**Exercise instructions**
Copy only the lines from the one containing "Aurelia® Absolute® Black" through the final line of the records below, exactly as written, with no pictures.

**Pictures with short captions**
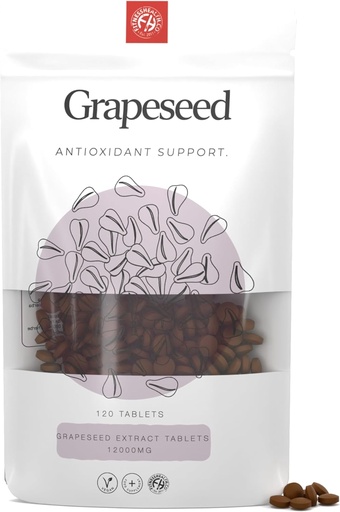[BRSRMHT4CMDWYYLZ] Fitness Health Grapeseed Extract Tablets 12000mg | High Strength Supplement | Pure Grapeseed Extract Vegan Tablets | Manufactured in The UK |120 Tablets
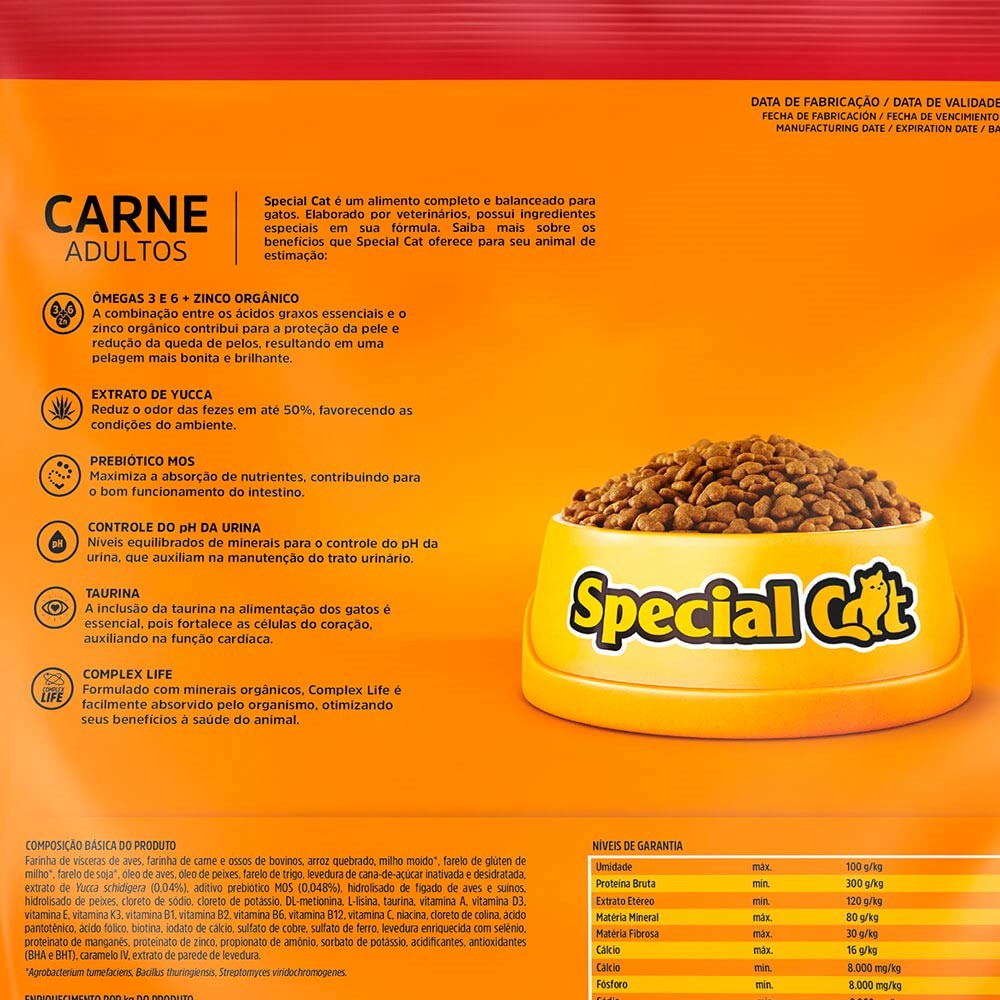 Ração Special Cat para Gatos Adultos Sabor Carne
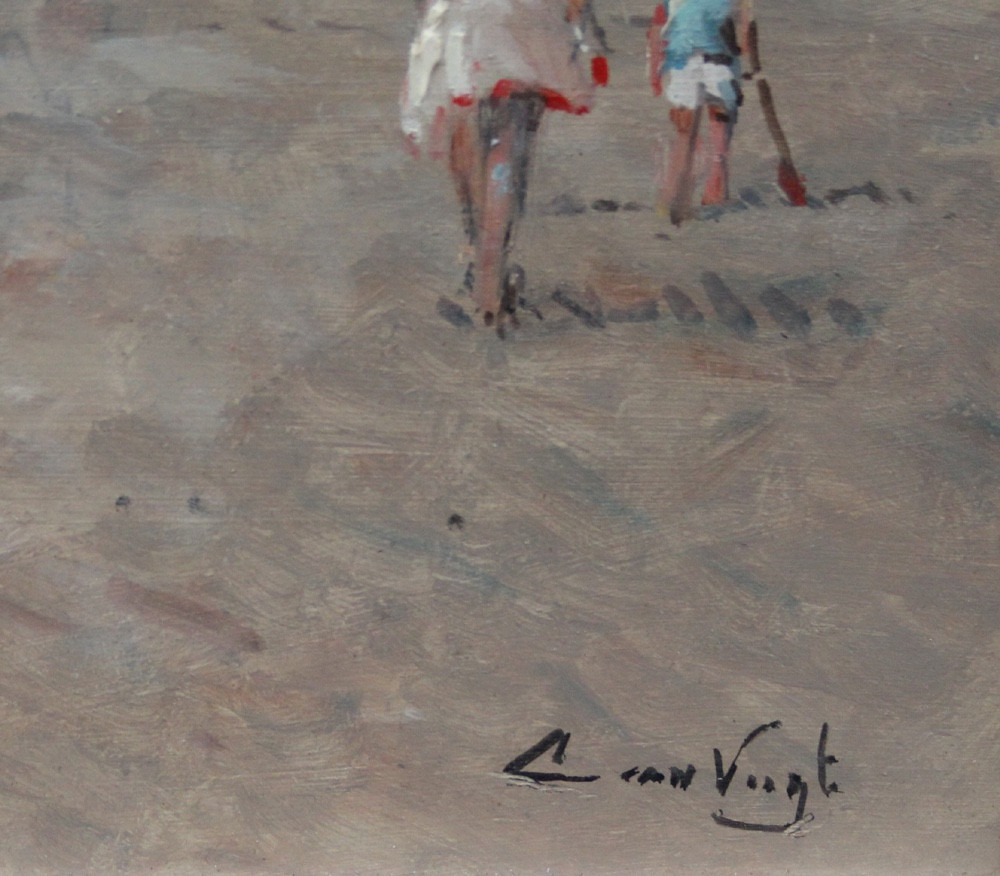 Scène de plage par L. van Vugt (Pays-Bas, XXe siècle)-photo-2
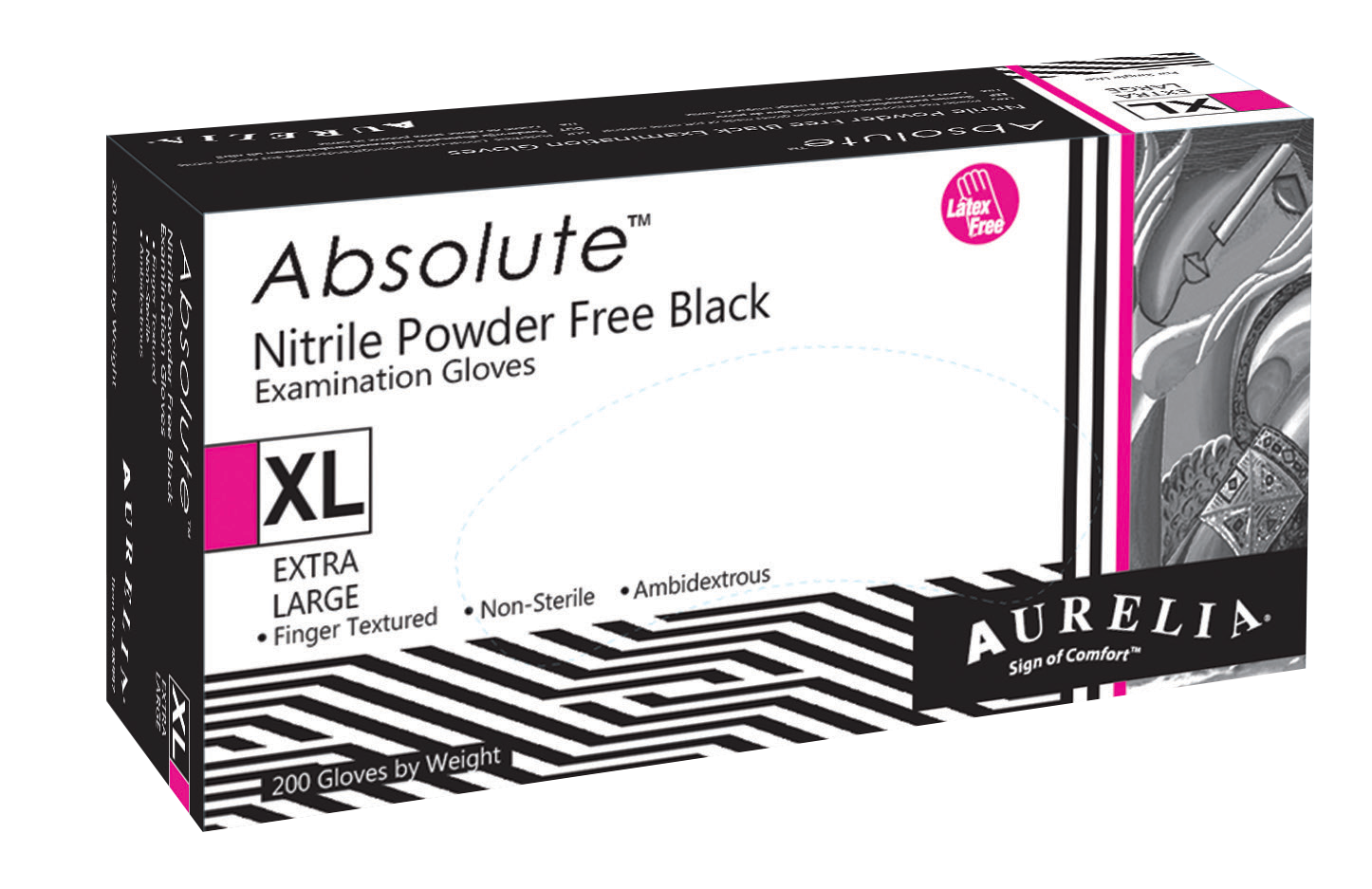Aurelia® Absolute® Black Honeycomb Nitrile Gloves - 3.2mil (200/box) 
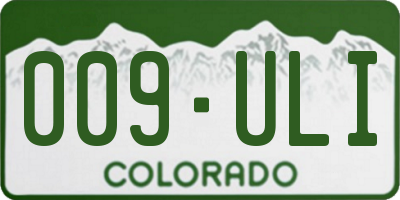 CO license plate 009ULI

**Result for this task**
Aurelia® Absolute® Black Honeycomb Nitrile Gloves - 3.2mil (200/box) 
 CO license plate 009ULI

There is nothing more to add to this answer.